She hopped over the stairs quickly. "Yes, but I have just landed, so let's wait." I lunged forward with the suitcase to the second floor. "I am the one who always runs away from everyone, and now you are running away from me?" She blocked my way to the isolation ward my parents had set up in their home and stood there like Christ before his crucifixion. "I have not seen you for six months, my boy, come on, give me one hug," she said. "Never," I shot back and shut the door. "Coward," she blurted toward me from the closed door and got back, disappointed, to the bedroom. 

I sat on my bed, surprised. This was definitely not how I expected my mother to behave. She is the most germophobic person ever, the queen of disinfectant and gloves, the virus buster, and the great social distancer who keeps everyone at bay and the mother of all masks.

I know more than anyone else – through our dozens of phone conversations – that over the past two months my mother has appointed herself to be the Corona Sheriff of Herzliyya and has imposed her dominion on the town, armed with her antiviral energy and gesticulation that only she understands. 

Only a week ago she told me with great pride how she blocked the path of two strong men on the main street because their masks were hiding below their ears, and to their amazement, she touched her nose to show them what they should do. At first they frowned, unsure what she was trying to tell them. Then she touched her nose again and smiled at them. They then realized what they should do and complied, blushing. 

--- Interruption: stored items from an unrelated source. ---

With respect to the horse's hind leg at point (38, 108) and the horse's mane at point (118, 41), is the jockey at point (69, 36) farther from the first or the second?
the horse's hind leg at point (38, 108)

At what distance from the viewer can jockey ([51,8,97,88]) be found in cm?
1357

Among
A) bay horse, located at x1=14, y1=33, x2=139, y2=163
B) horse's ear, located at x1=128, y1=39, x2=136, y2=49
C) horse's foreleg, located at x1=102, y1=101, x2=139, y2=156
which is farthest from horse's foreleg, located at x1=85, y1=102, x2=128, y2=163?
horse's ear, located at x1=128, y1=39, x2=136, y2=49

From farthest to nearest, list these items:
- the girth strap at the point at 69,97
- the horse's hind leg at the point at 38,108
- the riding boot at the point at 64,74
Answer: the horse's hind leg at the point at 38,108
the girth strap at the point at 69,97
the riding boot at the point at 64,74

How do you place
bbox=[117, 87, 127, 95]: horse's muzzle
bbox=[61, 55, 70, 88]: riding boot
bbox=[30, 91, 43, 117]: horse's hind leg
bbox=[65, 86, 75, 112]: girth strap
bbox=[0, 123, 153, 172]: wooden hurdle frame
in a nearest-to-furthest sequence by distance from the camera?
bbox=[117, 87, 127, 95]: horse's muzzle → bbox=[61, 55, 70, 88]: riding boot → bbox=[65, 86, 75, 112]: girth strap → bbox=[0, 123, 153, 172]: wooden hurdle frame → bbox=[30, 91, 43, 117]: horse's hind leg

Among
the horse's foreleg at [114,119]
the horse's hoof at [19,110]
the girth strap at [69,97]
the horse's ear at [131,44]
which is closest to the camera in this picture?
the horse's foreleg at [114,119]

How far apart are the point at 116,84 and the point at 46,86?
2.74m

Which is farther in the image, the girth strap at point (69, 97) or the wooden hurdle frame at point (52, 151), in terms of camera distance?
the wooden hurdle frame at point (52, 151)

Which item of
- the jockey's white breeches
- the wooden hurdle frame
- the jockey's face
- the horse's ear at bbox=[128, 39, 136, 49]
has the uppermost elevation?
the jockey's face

The police officers were not the only ones on my mother's target list. At noon, while she was doing highlights at the barbershop in the city, she noticed dozens of children who had left school without masks. She immediately jumped off her chair, her head covered in foil and all, and reprimanded them. "But I am eating a popsicle," one freckled girl said. "So after you are done you have to put it on," my mother persisted. "Why are you even bothering to care what she says," another boy said and they both ran away. 

But apparently she treats foreigners differently. My friends, who had promised me they would come and wave at me from the street to help me and Ravid make time go by, disappeared when the rubber hit the road. This, as my masked mother patrols the area outside my isolation ward as if she has decided to rebel against Caesar.

Every day she tries to entice us to get out and give her a hug and she leaves at our doorstep more and more goodies to tempt us: cakes, chocolate boxes, cherry liqueur that my father had prepared for us.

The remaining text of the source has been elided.